Russell Banks : Un moment permanent de la famille - Actes Sud, 2015 - nouvelles
« Ce qui m'intéresse dans une nouvelle, c'est l'instant précis où la vie du personnage bascule » dit l'auteur. Ainsi il nous écrit dans ce livre douze nouvelles aussi savoureuses et variées les unes que les autres, des moments d'intimité intense avec ses personnages. Ces nouvelles se passent du Nord de l’État de New York à la Floride, deux régions que l'auteur connaît parfaitement, habitant lui-même six mois d'un côté, six mois de l'autre.
L'auteur aborde les thèmes
récurrents que nous connaissons dans ses romans précédents (le
dernier étant «Lointain souvenir de la peau» paru en 2012, fiche
dans ce blog) : questions du divorce, des relations compliqués des
couples, des enfants qui s'éloignent, problèmes de santé, de
dépression, d'addiction à l'alcool ou aux drogues, descriptions des
milieux sociaux où règnent la misère, la solitude, le remord et de
situations difficiles dans lesquelles on perçoit le doute,
l'inquiétude, la tension.
Un ancien Marine fait un
braquage à main armé afin d' avoir de l'argent pour se soigner et
vivre... Un chien est tiraillé entre les maisons de deux divorcés
et l'on s'aperçoit que ce chien était le lien entre les membres de
cette famille désunie... Une femme noire se retrouve enfermée dans
une concession automobile, menacée par un chien méchant... Deux
nouvelles sont sur « les oiseaux des neiges » : ces
retraités qui quittent tout pour une autre vie : une veuve joyeuse
qui part habiter un appartement dans les barres d'immeubles de Miami
ou un vieux couple vivant dans un camping-car, tous après avoir vécu
dans les banlieues Nord de l’État de New York… Un artiste reçoit
une grosse somme d'une institution et va voir la soirée, où il
l'annonce à ses copains, se transformer en cauchemar... Un homme et
une femme qui ont failli avoir une relation des années plus tôt se
retrouvent « encombrés de leurs regrets »...
L'auteur ne juge pas ses
personnages mais simplement en fait des descriptions époustouflantes
de vérité : on les imagine tous immédiatement et on entre
dans leur intimité, leur secret, leur état psychologique du moment.

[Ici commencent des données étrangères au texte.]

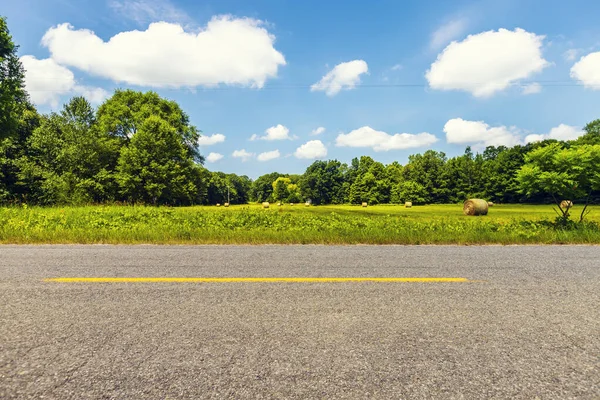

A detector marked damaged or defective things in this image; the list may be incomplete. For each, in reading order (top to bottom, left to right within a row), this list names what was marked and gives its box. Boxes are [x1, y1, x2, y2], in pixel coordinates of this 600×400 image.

cracked asphalt [0, 245, 596, 398] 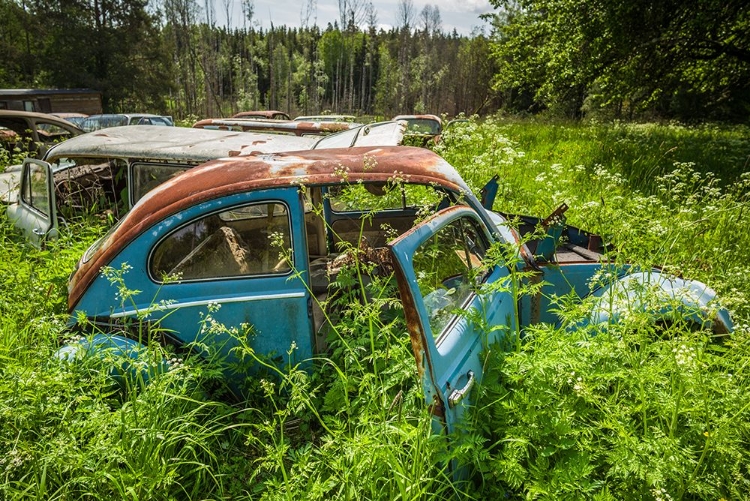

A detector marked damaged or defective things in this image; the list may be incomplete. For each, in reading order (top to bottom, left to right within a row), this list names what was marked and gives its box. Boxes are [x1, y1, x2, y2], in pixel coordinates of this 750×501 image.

car roof with rust [43, 125, 320, 164]
abandoned car in background [2, 121, 408, 246]
car roof with rust [69, 146, 470, 308]
abandoned car in background [57, 146, 736, 438]
rusty blue volkswagen beetle [58, 146, 736, 434] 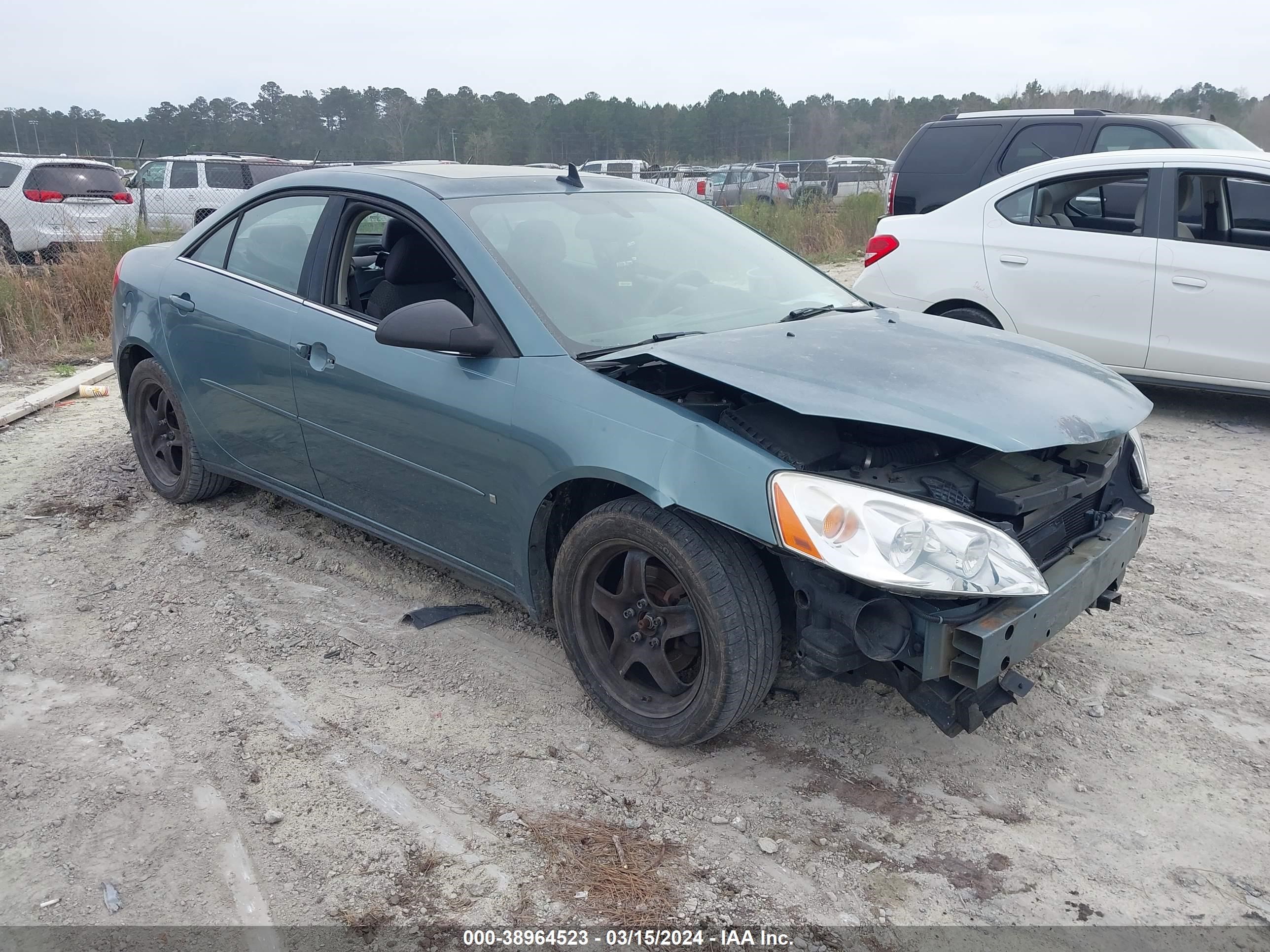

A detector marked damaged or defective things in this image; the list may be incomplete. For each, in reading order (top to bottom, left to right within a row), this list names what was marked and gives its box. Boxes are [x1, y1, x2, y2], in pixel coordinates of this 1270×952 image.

damaged green sedan [114, 162, 1160, 745]
damaged bumper [785, 512, 1152, 737] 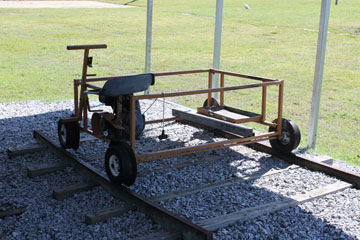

« L'art de raconter un destin en quelques traits », dit
François Busnel. On reste quelques fois un peu frustré de ne pas
savoir la suite de l'aventure….
« L'écriture est
tendue, acérée, suggestive » (la revue Lire). Le style est
épuré, précis. Certaines scènes sont tragi-comiques mais toutes
sont intenses, émouvantes, inattendues.
Voici donc « le
meilleur reportage sur la vie quotidienne des classes moyennes,
blanches et noires, en Amérique » : un excellent moment
de lecture.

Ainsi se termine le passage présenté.